_Brief_: Retype the line containing "Common Valerian (Valeriana Officinalis)" and each later line through the end of the listing, exactly as written, with no other lines.

_Information provided_:

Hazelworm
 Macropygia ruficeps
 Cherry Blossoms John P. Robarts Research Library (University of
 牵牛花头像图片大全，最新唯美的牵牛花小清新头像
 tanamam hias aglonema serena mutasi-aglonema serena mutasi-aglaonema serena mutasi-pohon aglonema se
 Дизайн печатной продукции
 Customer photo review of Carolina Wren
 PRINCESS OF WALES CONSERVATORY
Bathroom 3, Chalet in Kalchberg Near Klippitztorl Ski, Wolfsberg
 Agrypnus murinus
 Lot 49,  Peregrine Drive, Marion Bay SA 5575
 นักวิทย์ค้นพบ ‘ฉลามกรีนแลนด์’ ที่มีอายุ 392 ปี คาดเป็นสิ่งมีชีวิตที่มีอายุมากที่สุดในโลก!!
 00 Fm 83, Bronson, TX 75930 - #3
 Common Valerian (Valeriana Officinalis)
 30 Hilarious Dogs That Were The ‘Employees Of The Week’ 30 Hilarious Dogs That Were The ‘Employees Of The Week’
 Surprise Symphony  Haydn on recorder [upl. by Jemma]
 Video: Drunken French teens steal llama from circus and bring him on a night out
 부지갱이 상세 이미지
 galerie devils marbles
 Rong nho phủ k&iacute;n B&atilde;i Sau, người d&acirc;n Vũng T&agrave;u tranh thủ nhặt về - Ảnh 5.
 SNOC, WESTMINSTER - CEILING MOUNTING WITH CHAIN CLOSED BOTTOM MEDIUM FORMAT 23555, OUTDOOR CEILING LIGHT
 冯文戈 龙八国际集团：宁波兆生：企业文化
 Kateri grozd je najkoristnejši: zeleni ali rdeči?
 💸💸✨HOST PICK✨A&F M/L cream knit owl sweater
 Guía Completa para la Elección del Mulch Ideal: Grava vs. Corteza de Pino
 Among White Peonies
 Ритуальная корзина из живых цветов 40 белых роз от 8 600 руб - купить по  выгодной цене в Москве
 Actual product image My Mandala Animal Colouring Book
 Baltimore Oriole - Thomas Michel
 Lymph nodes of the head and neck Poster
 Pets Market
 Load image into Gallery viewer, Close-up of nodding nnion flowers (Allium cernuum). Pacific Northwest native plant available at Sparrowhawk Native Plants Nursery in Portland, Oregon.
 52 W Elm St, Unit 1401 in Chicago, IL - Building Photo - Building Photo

_Result below_:
 Common Valerian (Valeriana Officinalis)
 30 Hilarious Dogs That Were The ‘Employees Of The Week’ 30 Hilarious Dogs That Were The ‘Employees Of The Week’
 Surprise Symphony  Haydn on recorder [upl. by Jemma]
 Video: Drunken French teens steal llama from circus and bring him on a night out
 부지갱이 상세 이미지
 galerie devils marbles
 Rong nho phủ k&iacute;n B&atilde;i Sau, người d&acirc;n Vũng T&agrave;u tranh thủ nhặt về - Ảnh 5.
 SNOC, WESTMINSTER - CEILING MOUNTING WITH CHAIN CLOSED BOTTOM MEDIUM FORMAT 23555, OUTDOOR CEILING LIGHT
 冯文戈 龙八国际集团：宁波兆生：企业文化
 Kateri grozd je najkoristnejši: zeleni ali rdeči?
 💸💸✨HOST PICK✨A&F M/L cream knit owl sweater
 Guía Completa para la Elección del Mulch Ideal: Grava vs. Corteza de Pino
 Among White Peonies
 Ритуальная корзина из живых цветов 40 белых роз от 8 600 руб - купить по  выгодной цене в Москве
 Actual product image My Mandala Animal Colouring Book
 Baltimore Oriole - Thomas Michel
 Lymph nodes of the head and neck Poster
 Pets Market
 Load image into Gallery viewer, Close-up of nodding nnion flowers (Allium cernuum). Pacific Northwest native plant available at Sparrowhawk Native Plants Nursery in Portland, Oregon.
 52 W Elm St, Unit 1401 in Chicago, IL - Building Photo - Building Photo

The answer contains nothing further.